Alpha Condé, l’homme surprise autour de la préparation du dialogue national en RDC
Absent de toutes les photos, présent dans la pièce : selon RFI, l'ancien président guinéen Alpha Condé, « homme de confiance » de Tshisekedi, aurait pris part à la préparation du dialogue national congolais, via Brazzaville et Sassou-Nguesso.
Alpha Condé, l’homme surprise autour de la préparation du dialogue national en RDC
AFP
Pendant que les opposants et les confessions religieuses attendent l’ordonnance présidentielle qui doit lancer officiellement les préparatifs du dialogue national, un nom a surgi dans les coulisses de sa préparation, celui d’un ancien chef d’État étranger que personne n’a vu sur les photos. Selon RFI, l’ex-président guinéen Alpha Condé aurait pris part aux échanges qui ont précédé l’annonce du 17 juillet, sans jamais apparaître au grand jour.
L’information, que BETO n’a pu vérifier de source indépendante, émane du média français, qui s’appuie sur plusieurs sources concordantes. Alpha Condé ne figure sur aucun des clichés pris ce jour-là au palais de la Nation, mais sa présence à Kinshasa aurait été confirmée à RFI par plusieurs interlocuteurs. « Il a voulu rester dans l’anonymat », glisse l’un d’eux. Son implication ne daterait pas de l’annonce elle-même : l’ancien président guinéen se serait trouvé à Brazzaville début juillet, lorsque Félix Tshisekedi s’y est rendu en visite de travail le 3, et il aurait rencontré peu après le cardinal Fridolin Ambongo, en marge d’un déplacement de l’archevêque de Kinshasa au Congo-Brazzaville.
Le fil qui relie ces rencontres a un point d’ancrage : Brazzaville, et son hôte, Denis Sassou-Nguesso. « Si c’est Sassou-Nguesso qui a proposé les sagesses de l’ancien président guinéen, c’est forcément Tshisekedi qui a accepté son implication », résume, auprès de RFI, un connaisseur de la vie politique kinoise. « Alpha Condé est une personne de confiance pour le président Tshisekedi », abonde une source proche du chef de l’État congolais. Les deux familles se connaîtraient de longue date : les liens remonteraient à l’époque où Étienne Tshisekedi, le père, et Alpha Condé étaient tous deux des figures de l’opposition dans leurs pays respectifs.

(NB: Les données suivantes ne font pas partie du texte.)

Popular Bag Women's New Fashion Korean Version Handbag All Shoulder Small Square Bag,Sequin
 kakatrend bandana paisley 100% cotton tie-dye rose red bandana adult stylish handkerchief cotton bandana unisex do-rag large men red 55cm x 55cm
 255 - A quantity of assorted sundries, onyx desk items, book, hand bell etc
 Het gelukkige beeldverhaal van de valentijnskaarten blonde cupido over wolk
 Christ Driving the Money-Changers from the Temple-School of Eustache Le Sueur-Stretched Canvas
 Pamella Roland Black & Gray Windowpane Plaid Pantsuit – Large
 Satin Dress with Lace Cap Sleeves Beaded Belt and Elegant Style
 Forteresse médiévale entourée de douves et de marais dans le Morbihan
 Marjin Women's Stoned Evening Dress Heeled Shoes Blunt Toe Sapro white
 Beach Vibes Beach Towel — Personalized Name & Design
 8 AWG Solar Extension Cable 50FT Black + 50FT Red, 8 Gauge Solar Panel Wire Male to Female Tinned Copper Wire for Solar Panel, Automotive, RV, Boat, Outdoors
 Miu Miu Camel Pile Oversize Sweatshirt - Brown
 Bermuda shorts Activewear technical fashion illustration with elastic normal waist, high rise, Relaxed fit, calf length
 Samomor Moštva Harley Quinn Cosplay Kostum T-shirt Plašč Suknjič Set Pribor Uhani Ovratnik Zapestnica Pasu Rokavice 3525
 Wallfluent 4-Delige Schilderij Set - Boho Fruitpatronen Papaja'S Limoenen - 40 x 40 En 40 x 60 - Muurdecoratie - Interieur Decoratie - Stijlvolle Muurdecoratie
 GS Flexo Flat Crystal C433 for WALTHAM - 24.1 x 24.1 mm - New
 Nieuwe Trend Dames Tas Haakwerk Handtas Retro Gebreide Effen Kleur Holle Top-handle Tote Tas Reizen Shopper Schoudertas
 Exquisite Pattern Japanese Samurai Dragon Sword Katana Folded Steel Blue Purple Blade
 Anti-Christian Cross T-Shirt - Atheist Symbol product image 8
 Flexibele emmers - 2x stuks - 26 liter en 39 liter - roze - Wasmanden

Reste à savoir ce que révélerait le recours à un tel intermédiaire. Car si ces informations se vérifient, la préparation du dialogue se jouerait, à ce stade, moins dans les institutions que dans un réseau discret de facilitations personnelles et régionales : un président hôte à Brazzaville, un cardinal qui fait le lien, un ancien chef d’État qui conseille sans être vu. Pendant que l’opinion attend un texte officiel, l’ossature du processus se dessinerait hors champ, dans des conversations dont on ne connaît ni le contenu ni les garanties. Ce n’est pas anormal en diplomatie de crise, où les canaux discrets font souvent le travail que la lumière empêche. Mais, si l’épisode se confirme, il dirait quelque chose de la méthode : une préparation qui avance par cercles de confiance autant que par mécanismes publics.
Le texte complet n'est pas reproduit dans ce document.